Bu tavrı Batu'daki huzursuzluğu da arttırmıştı, kendinden hiç ummadığı bir çekingenlikle "Evet gerçekten çok güzel." Dediğini duyduğunda kendine inanamadı bir an. Hiç tanımadığı bu adamın nesinden bu kadar çekindiğine anlam verebilmiş değildi.

Daha sonra babasının hemen arkasında durmuş, pek de hayra alamet olmayan bakışlarla onları süzmekte olan Lale'nin kendisinden üç yaş küçük kardeşi Levin'le tanıştırıldılar. Neyse ki bu fasıl daha fazla uzamadı. Lemi Bey ve Levin'in bir an önce çıkması gerekiyordu. Onlar işe gitmek üzere evden çıkmaya yeltendiklerinde Daniel "Ben de dedemleğle gideceğim!" diye tutturup Lena da "Gidemessin işte götürmesler seni!" diye ona gıcık verince evde kıyamet kopmuş, iki kardeş kaşla göz arasında birbirlerine girmişlerdi. Sonunda Lemi Bey'in kulağına bir şeyler fısıldamasından sonra Daniel mucizevi bir şekilde ikna olup ağlamayı kesti. Ancak o dakikadan sonra da keskin bakışlarını Batu ve Turgut'un üstünden ayırmaz olmuştu.

Oysa Batu tamamen kendi alemindeydi o sıralar. Lale'nin babasıyla tanıştırıldıktan sonra bakışlarına hâkim olmak için daha çok çaba sarf eder olmuştu ama beceremiyordu, gözleri sürekli Lale'nin elbisesinin masum ama onda lüzumundan çok daha şiddetli arzular uyandıran dekoltesine kayıp duruyordu. Özellikle de oturduğu yerde bacak bacağa attığını gördükten sonra daha da zorlanır olmuştu, bacaklarına bakarsa er ya da geç yakalanacağından korktuğu için, Lale konuşurken pür dikat onu dinliyormuş gibi yaparak gözlerini yüzüne sabitlemeye çalışıyordu. Ama olmuyordu işte, kaçamak bakışlarla devamlı o dekoltenin ortaya çıkardığı göğüs çatalına bakar olmuştu artık.

Eşi ve oğlu gittikten sonra Mina Hanım onları bahçedeki verandanın altına hazırladığı çay sofrasına buyur etti. Çok cana yakın ve sıcakkanlı bir kadına benziyordu, sürekli "Şu pastadan da alın ben kendim yaptım," "Şu kurabiyelerden de alın lütfen." Diyerek bir şeyler ikram edip duruyordu.
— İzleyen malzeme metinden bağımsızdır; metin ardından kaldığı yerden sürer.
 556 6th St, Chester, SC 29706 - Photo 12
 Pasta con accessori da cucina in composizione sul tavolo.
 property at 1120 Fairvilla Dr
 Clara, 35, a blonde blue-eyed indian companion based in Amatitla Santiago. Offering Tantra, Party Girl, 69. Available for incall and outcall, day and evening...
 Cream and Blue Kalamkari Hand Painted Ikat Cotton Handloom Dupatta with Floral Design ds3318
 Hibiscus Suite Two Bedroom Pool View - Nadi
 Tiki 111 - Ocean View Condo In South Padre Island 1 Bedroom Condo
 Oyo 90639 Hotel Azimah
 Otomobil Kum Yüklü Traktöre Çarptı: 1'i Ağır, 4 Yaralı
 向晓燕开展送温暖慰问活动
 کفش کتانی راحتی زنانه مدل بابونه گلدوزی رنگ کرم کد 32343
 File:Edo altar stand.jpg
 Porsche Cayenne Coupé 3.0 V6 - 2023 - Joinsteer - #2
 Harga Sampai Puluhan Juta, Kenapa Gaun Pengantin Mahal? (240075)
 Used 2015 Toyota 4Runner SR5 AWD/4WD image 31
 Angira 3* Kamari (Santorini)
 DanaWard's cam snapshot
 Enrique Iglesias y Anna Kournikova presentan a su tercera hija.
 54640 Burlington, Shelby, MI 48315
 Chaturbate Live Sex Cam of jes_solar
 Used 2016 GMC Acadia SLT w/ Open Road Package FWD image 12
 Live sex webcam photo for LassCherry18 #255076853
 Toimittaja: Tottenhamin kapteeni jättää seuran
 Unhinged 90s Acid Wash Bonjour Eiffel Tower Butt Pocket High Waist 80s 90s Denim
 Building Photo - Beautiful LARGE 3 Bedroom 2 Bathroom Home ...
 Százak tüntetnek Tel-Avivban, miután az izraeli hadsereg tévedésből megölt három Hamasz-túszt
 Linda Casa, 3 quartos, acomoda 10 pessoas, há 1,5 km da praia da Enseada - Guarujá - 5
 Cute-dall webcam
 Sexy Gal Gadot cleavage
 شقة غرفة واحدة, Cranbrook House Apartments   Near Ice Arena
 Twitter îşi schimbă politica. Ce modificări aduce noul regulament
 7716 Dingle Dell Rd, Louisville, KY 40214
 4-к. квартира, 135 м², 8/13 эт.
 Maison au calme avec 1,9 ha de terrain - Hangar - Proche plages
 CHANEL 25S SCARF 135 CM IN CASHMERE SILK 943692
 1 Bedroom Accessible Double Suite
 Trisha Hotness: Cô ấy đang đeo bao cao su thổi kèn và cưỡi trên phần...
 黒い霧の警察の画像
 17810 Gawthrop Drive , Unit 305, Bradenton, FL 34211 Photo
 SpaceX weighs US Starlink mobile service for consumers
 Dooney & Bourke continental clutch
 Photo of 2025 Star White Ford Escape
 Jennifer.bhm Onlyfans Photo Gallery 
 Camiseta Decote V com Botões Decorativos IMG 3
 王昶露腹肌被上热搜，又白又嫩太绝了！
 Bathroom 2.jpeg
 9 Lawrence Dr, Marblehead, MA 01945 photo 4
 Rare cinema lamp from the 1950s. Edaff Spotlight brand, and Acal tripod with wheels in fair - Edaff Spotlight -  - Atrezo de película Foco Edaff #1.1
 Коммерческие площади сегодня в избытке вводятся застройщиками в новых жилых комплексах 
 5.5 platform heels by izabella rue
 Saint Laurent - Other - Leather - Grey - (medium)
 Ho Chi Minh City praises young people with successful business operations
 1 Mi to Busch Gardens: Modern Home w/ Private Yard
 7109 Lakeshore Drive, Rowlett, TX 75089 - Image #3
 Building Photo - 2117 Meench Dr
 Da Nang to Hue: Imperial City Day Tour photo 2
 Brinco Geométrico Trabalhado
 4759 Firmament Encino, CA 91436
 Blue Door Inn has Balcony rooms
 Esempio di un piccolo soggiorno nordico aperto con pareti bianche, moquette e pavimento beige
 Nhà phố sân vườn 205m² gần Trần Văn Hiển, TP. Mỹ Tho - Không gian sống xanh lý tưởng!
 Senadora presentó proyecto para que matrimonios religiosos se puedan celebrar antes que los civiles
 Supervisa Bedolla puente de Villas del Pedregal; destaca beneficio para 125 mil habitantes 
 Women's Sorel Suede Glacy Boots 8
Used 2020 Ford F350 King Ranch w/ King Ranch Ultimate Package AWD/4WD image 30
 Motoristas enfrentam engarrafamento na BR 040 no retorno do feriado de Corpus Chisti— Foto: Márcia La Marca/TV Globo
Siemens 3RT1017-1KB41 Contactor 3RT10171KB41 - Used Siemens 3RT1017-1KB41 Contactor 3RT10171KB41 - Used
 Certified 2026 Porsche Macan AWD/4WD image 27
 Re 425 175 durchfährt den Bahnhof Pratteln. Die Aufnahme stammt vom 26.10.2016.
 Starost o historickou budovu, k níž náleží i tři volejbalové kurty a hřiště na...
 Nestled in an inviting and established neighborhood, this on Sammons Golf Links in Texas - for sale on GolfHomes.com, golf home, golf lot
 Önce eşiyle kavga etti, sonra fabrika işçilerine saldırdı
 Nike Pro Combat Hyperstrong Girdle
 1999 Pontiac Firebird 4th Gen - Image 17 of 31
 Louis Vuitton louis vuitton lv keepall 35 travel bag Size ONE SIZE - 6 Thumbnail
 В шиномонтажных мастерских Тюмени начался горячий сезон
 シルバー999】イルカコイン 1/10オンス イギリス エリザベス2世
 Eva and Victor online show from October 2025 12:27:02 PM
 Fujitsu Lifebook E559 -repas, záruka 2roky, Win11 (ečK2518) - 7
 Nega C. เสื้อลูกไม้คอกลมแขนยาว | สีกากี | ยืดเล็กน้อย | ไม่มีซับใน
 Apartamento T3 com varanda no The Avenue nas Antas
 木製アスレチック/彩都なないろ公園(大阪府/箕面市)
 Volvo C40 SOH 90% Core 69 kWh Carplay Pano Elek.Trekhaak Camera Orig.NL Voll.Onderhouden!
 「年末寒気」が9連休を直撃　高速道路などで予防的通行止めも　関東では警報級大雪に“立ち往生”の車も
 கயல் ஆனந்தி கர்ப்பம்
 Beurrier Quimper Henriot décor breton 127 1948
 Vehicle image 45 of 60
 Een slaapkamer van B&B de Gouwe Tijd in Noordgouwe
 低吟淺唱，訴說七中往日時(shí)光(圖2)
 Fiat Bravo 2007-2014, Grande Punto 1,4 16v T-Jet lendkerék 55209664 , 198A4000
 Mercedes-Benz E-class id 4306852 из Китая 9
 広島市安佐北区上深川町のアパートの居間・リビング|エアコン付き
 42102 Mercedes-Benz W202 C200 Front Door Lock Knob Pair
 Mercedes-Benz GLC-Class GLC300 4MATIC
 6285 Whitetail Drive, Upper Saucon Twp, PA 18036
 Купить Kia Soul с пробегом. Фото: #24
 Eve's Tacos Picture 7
Lale'nin gülümsediğini görme şerefine nail olmak için epey uğraşması gerekiyordu ama Mina Hanım kızının aksine içten bir tebessümle "Ay iyi ki geldiniz çocuklar." Deyince gülümsediğinde Lale'nin ona ne kadar benzediğini düşünmekten kendini alamadı.